I don’t understand what you are trying tell me Mr. Subconscious. It’s not like I don’t speak t him almost daily. It’s a known that we have moved on and we know we can never recreate that magic that started in 2010 that eventually faded into reality. I am so grateful for the journey with him. Being around him, made me feel ageless. Being around him made me feel unconditionally loved.

Perhaps I shouldn’t be mad about these dreams I don’t ask for. Maybe I can change my perspective when I wake up from a dream where someone is loving me again because it’s atrial fibrillation on my sad lonely heart. To remember happiness so I know my waking self can still feel it and achieve it.

Oh how I loved taking care of him when I could. I hope I made a difference in his life. I hope he always knows how magical wooing was. I will never ever forget it.

but I can’t help the tears upon waking wishing I could touch what I just felt so deeply.

Sadness is so beautiful sometimes.

Like Anthony and The Johnsons.

It is better than an imaginary love. So much better because you don’t have imagine holding them.

So I guess I’m not mad at the thoughts I think when I’m asleep. I’m just made at physics because you can’t hug a dream back. But I can remember the feel of his red sweater and the smell of his hair.

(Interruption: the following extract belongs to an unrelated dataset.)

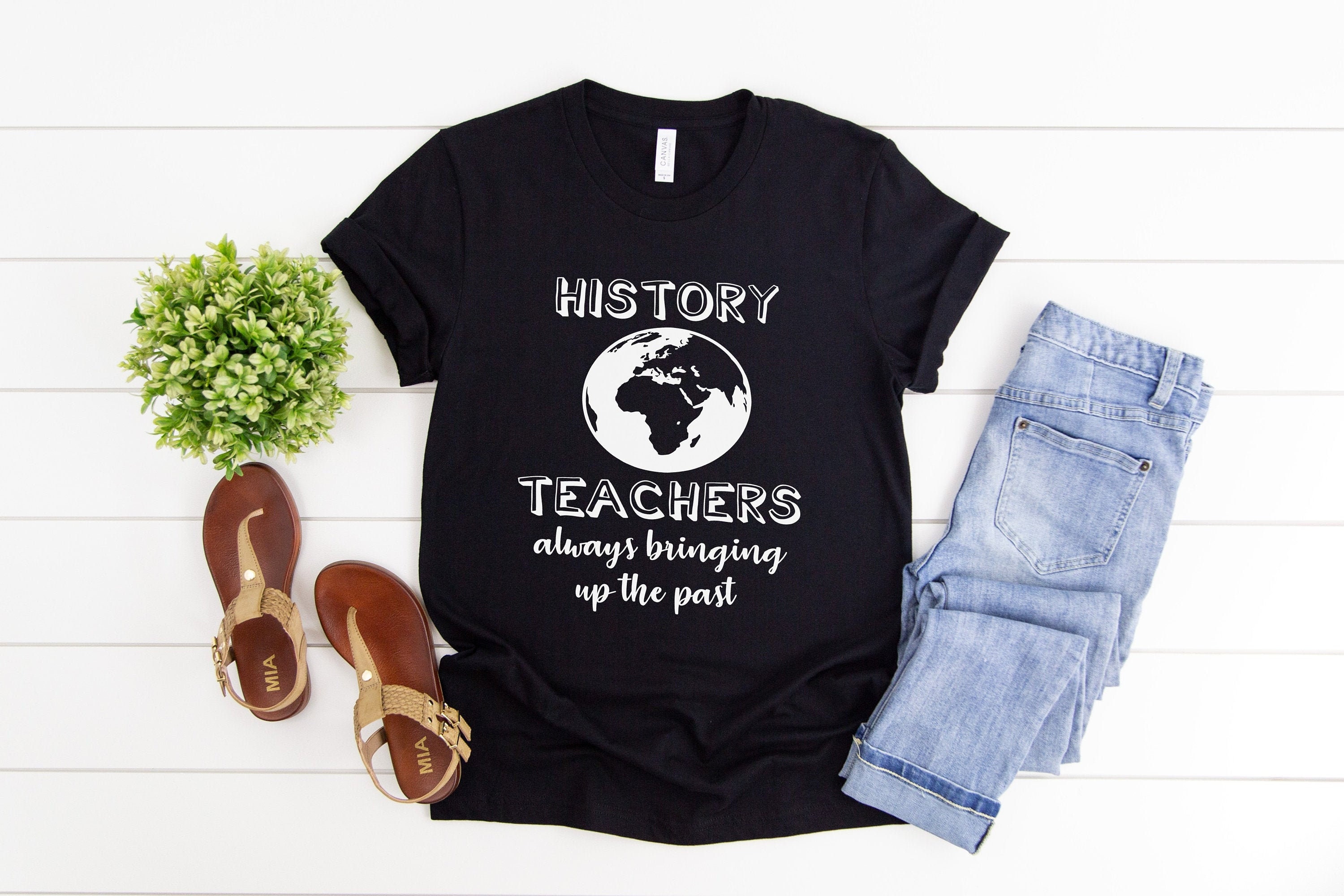 InkwellThreadsShop King Louis XIV Shirt | Perfect Gift for History Buffs, Teachers, Professors and Students | Historical Present | French King Shirt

For the the first time in my life perhaps, I am proud of my unconditional love for him even as  he speaks with other women and hopefully someday find a woman that suits him. Someone his age.

Because he deserves to have that for his whole life, not just the part until I pass on.

I hope this makes you feel as snug as a bug in a rug.

Darling, you said you weren’t going to re read this?

Yea right.

…But I didn’t perform any copy editing.